SUPPLIED MATERIAL
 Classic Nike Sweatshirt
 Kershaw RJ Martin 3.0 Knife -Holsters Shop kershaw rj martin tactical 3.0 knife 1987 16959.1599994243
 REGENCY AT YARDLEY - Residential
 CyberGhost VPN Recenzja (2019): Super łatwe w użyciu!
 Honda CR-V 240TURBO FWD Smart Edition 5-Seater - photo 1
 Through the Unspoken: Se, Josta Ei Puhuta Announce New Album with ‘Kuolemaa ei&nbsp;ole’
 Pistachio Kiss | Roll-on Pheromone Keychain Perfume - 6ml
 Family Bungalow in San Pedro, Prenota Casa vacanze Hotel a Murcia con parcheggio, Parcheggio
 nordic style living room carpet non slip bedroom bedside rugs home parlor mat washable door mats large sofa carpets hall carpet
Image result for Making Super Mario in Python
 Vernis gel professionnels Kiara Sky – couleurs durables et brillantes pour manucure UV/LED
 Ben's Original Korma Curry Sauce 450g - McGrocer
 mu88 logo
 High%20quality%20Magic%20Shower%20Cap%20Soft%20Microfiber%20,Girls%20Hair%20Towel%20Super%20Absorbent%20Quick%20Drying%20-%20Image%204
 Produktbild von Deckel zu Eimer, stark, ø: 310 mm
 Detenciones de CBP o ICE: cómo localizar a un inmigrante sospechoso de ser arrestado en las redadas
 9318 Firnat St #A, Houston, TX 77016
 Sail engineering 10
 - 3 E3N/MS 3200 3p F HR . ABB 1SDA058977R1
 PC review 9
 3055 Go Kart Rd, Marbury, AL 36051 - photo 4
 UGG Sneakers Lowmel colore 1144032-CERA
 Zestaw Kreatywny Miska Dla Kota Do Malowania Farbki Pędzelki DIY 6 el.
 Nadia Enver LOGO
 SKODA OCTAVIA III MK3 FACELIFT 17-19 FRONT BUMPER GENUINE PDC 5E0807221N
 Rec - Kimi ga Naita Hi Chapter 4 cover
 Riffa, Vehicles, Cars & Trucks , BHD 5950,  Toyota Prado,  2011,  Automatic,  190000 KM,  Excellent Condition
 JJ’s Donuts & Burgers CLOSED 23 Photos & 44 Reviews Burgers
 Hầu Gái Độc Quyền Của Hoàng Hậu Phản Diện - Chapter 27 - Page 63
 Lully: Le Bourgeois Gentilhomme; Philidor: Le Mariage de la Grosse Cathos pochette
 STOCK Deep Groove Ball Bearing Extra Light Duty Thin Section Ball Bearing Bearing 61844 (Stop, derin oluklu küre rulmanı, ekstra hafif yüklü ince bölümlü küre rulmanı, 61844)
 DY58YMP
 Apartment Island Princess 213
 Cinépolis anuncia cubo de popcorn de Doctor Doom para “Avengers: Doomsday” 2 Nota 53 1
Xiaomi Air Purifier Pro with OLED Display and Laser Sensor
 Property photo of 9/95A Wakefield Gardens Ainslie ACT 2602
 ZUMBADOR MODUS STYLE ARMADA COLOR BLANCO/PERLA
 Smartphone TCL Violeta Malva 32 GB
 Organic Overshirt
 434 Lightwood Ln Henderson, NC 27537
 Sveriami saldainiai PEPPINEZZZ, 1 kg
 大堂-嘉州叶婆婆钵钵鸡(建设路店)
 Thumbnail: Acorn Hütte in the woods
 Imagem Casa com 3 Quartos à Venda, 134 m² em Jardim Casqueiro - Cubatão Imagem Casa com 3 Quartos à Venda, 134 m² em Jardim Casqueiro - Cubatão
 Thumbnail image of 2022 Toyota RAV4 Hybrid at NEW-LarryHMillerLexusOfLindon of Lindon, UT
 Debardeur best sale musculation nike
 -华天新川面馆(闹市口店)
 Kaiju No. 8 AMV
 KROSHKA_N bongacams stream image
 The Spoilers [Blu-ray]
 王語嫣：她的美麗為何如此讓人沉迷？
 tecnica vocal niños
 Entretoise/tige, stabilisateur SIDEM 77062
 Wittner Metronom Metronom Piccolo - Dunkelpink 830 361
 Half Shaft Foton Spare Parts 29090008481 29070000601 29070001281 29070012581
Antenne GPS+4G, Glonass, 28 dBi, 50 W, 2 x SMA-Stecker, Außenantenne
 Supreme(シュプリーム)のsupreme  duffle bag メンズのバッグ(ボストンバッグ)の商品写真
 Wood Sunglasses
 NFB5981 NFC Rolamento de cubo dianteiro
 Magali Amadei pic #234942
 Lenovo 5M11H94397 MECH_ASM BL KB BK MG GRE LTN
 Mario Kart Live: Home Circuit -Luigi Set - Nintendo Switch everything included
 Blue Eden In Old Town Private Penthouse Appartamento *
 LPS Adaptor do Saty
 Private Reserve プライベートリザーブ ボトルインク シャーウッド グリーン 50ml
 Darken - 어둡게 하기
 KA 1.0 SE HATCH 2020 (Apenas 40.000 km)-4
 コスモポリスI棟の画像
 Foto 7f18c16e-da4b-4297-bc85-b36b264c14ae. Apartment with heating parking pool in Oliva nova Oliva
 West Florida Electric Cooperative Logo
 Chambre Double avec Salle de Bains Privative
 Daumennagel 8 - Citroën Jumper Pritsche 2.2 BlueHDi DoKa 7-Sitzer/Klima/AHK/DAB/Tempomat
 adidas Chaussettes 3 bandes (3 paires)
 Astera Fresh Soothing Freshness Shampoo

WHAT YOU HAVE TO DO
Copy each line above containing the string "cubo".

ANSWER TO THE PROBLEM
 Cinépolis anuncia cubo de popcorn de Doctor Doom para “Avengers: Doomsday” 2 Nota 53 1
 NFB5981 NFC Rolamento de cubo dianteiro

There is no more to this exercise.